Mixing starts at 4 a.m., and all doughs are produced a day before they’re baked. Once a product is selected on the control panel, the HB-Technik system scales all major and minor ingredients and the liquid pre-ferment into a mixing bowl below. Some ingredients are still scaled ahead of time to speed things up. As Ray Million, vice president of operations, explained, the system can discharge nine doughs per hour, but Hudson Bread needs 11 discharges an hour to keep up with demand. By hand-scaling some ingredients ahead of time, the bakery can squeeze in those two extra doughs.
Once ingredients are scaled and added to the mixing bowl, five Koenig mixers can develop the dough, including four Koenig DW-240 mixers and one Koenig SP-160 mixer. The DW-240 mixers are twin twist mixers that can reduce the mixing time while still delivering the same dough structure.
“In fact, it’s so fast, there’s a learning curve around knowing when the dough is done and controlling the temperature, so training is important,” Mr. Million said.
Once dough is mixed, it rests at ambient temperature in the removable bowl for an hour or two. It then goes to one of six Koenig makeup lines. Each can run 4,000 to 5,000 lbs of dough per hour, depending on the product, but Hudson Bread runs the lines a bit slower so to not overwhelm the operator unloading the line at the end.
Line No. 1 is a Koenig Menes line and was installed in 2016. It produces baguettes, square cut rolls, ciabatta, hero rolls and was producing rustic square olive and sesame oil rolls on the day of Baking & Snack’s tour. The removable bowl is lifted to the hopper by a bowl hoist. After the machine creates a continuous dough sheet, twin-satellite rollers reduce the dough to the desired thickness in a shorter amount of time. This cuts the length of the makeup line by 10 to 12 feet.
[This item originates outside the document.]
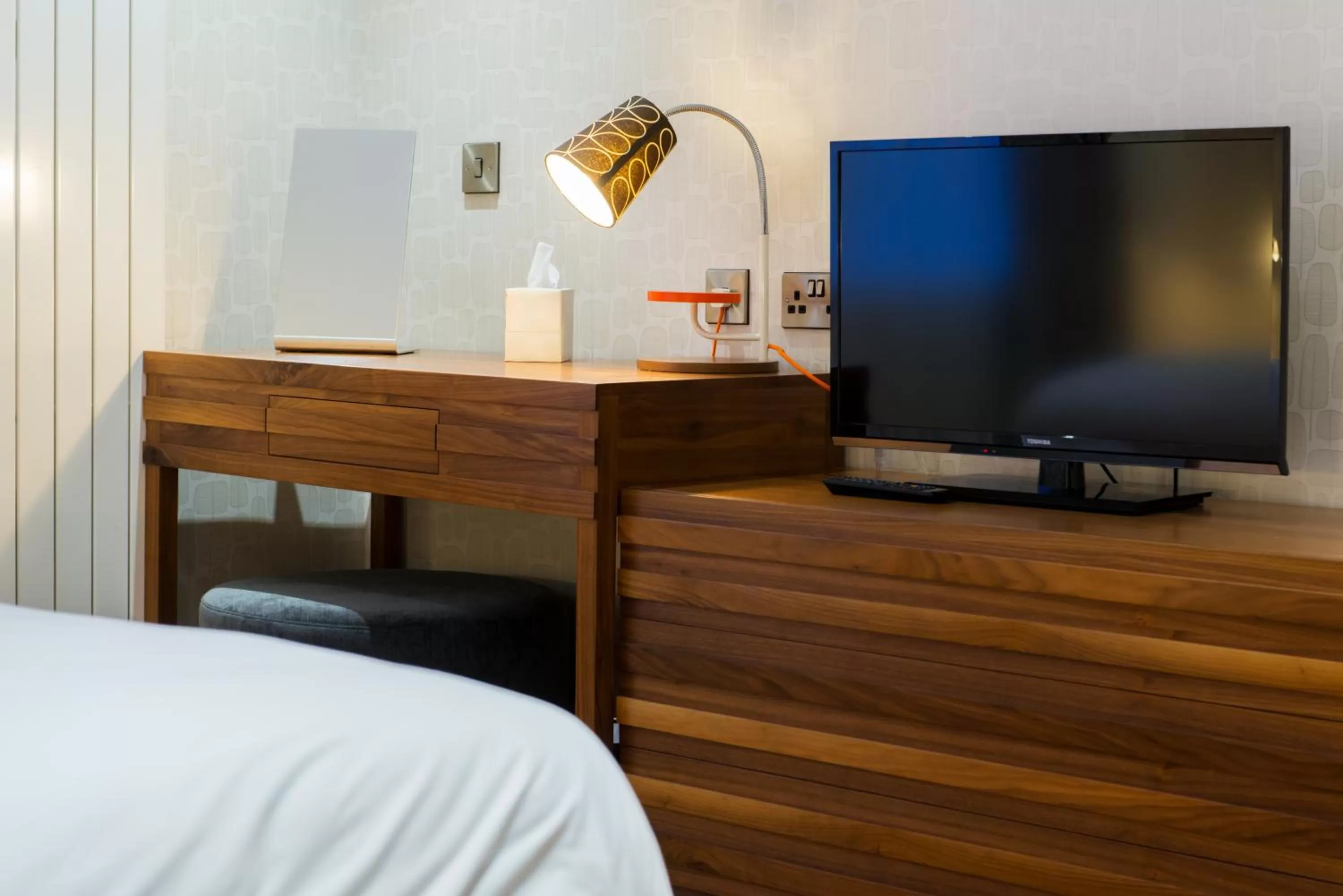 TV and multimedia, Bed in Portmeirion Village & Castell Deudraeth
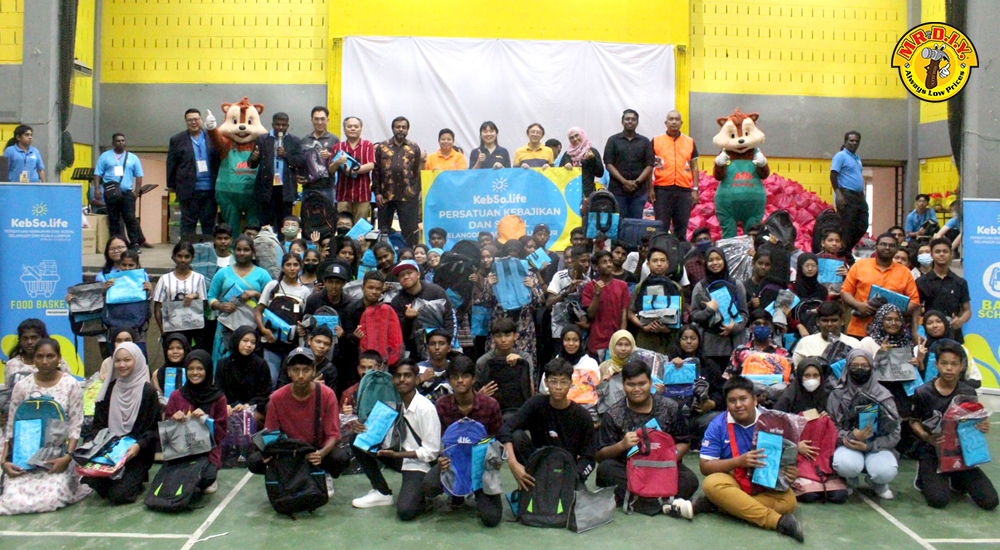 MR D.I.Y. CSR: Back to School - Persatuan Kebajikan Sosial Selangor dan Kuala Lumpur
After the dough sheet is reduced, it is cut into strips by a roller knife before the squares are cut by a guillotine. This line has the flexibility of two seed boxes so that Hudson Bread can either add multiple toppings to a product or have the redundancy of two boxes during changeovers. Once product is topped, it is manually off-loaded and racked and put in the MIWE proofer for its overnight cold-proof.
Line No. 2 is the latest investment on the production room floor: a Koenig KGN line installed in 2020 to add capacity for frozen products. It features an intermediate proof box that was oversized for a longer proof time, a custom feature Hudson Bread requested.
The French hero rolls the line was producing had only rested 30 minutes at ambient temperature before being hoisted and added to the hopper. The dough is divided and rounded before entering the intermediate proofer that will take 18 to 20 minutes to travel.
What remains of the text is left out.